▶ [To do]: Take the records below and set down exactly the lines from the one with "Sterling Silver Rhodium-plated" to the one with "Twelve vintage flat", ends included; do not copy the pictures.

▶ [The records]:
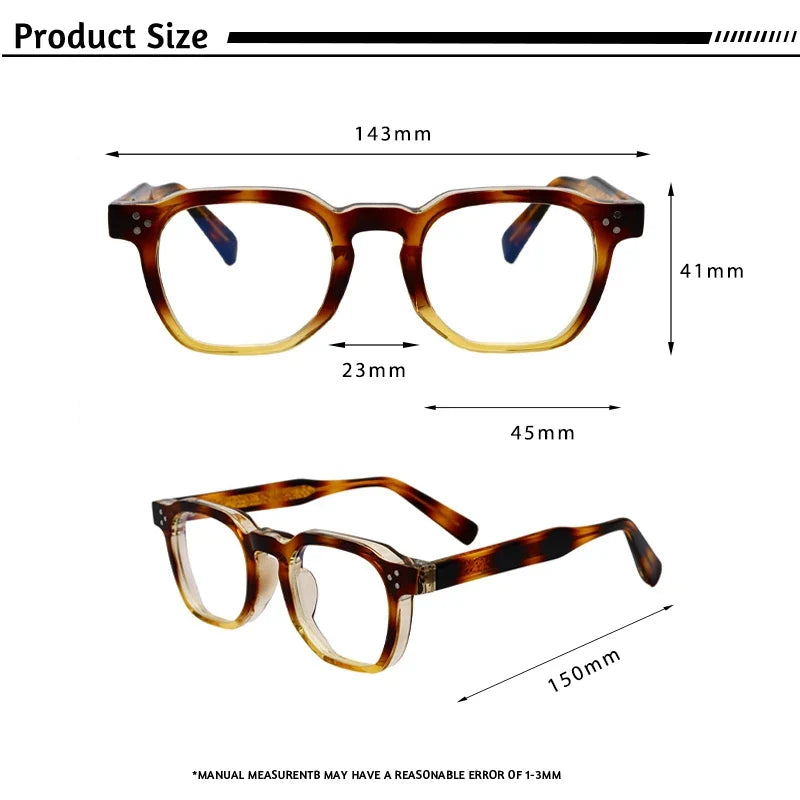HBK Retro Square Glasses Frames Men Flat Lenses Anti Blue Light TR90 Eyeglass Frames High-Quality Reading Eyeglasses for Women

...

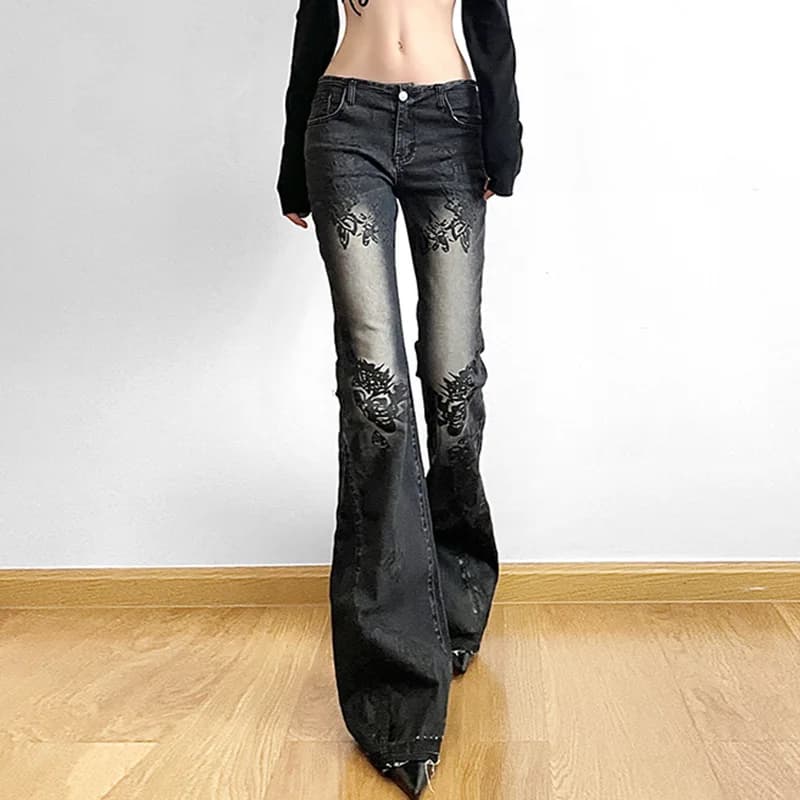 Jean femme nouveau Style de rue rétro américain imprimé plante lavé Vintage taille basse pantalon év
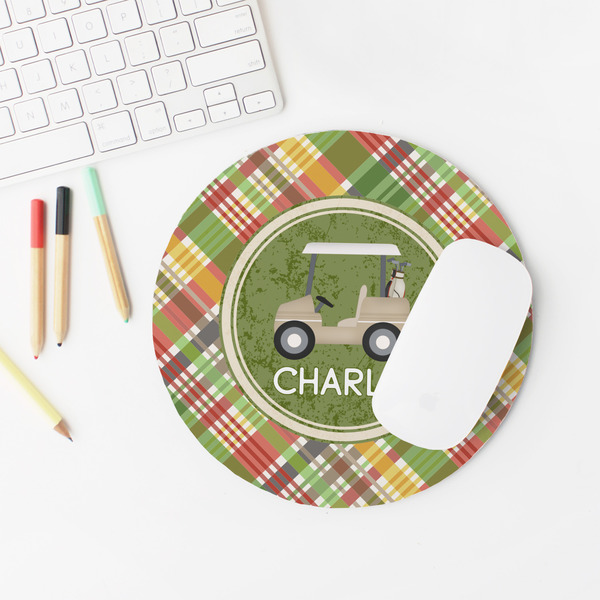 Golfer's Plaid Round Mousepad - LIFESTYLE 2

--

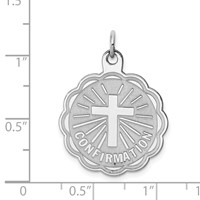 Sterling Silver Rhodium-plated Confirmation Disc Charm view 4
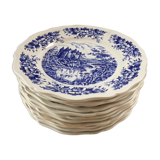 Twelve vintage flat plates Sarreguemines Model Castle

▶ [Response]:
 Sterling Silver Rhodium-plated Confirmation Disc Charm view 4
 Twelve vintage flat plates Sarreguemines Model Castle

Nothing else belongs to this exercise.